The congress of the Archeio-marxists which took place in Athens last month in the presence of two representatives of the International Bureau, broadly discussed these issues. This congress constitutes a decisive stage in the development of the Archeio-marxist movement, which, according to the decision of the congress, will from now on be called the Organisation of Bolshevik-Leninists of Greece (Oppositionists).
The most important decisions of this congress were expressed in the resolutions of principles unanimously adopted.
As stated above, the congress, with its resolution, marks a decisive stage in the development of the Archeio-marxists. The period of theoretical preparation and concentration of revolutionary cadres has finished. A period of broad political work is beginning. Along with it, a large tendency, the Organisation of Bolshevik-Leninists of Greece (Oppositionists) is taking the place of the Archeio-marxists in Greece.
Will it assume the character of a new Communist party which will replace the KKE, which has lost what little prestige it had? It is the branches of this organisation which will decide in the coming months. But the Greek Opposition, as their resolution states, “will carefully observe the development of the KKE, and support all the moves which could attract the working masses towards a revolutionary movement.”
The experience of many years of struggle by the Greek Left Opposition, and the important successes which have been achieved, show that they are on a correct path. A clear and concrete political line together with the aid of the International Opposition will allow them to create a healthy Communist movement able to attract the best elements of the party and the new opposition which has emerged from the party (the Spartacus group). For as long as this group does not unify with the Archeio-marxists, an honest and serious discussion must govern the relations between the Archeio-marxists and Spartacus.
Confronting all the militants of the Greek Left Opposition, a task of great importance is ahead of them – the creation of a true Communist party worthy of the teachings of Marx and Lenin.
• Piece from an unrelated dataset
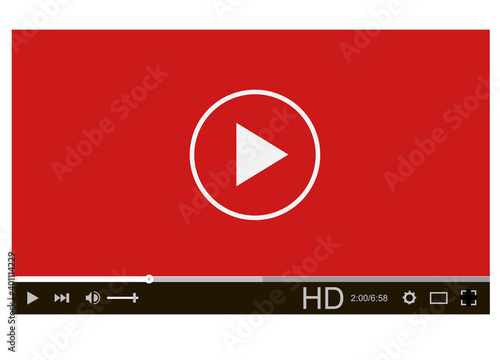 video player on white background. video player interface. video player for web and mobile apps. video online content mockup.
This party will be independent of the Stalinist machine and the bureaucrats of the official Greek party. That will not at all prevent it from being viewed as a section of the Third International and from working decisively for its reconstruction. The example of the Archeio-marxists proves that the less a revolutionary organisation depends on the Stalinist machine, the more militant and committed they are to the work of the International of Lenin and Trotsky.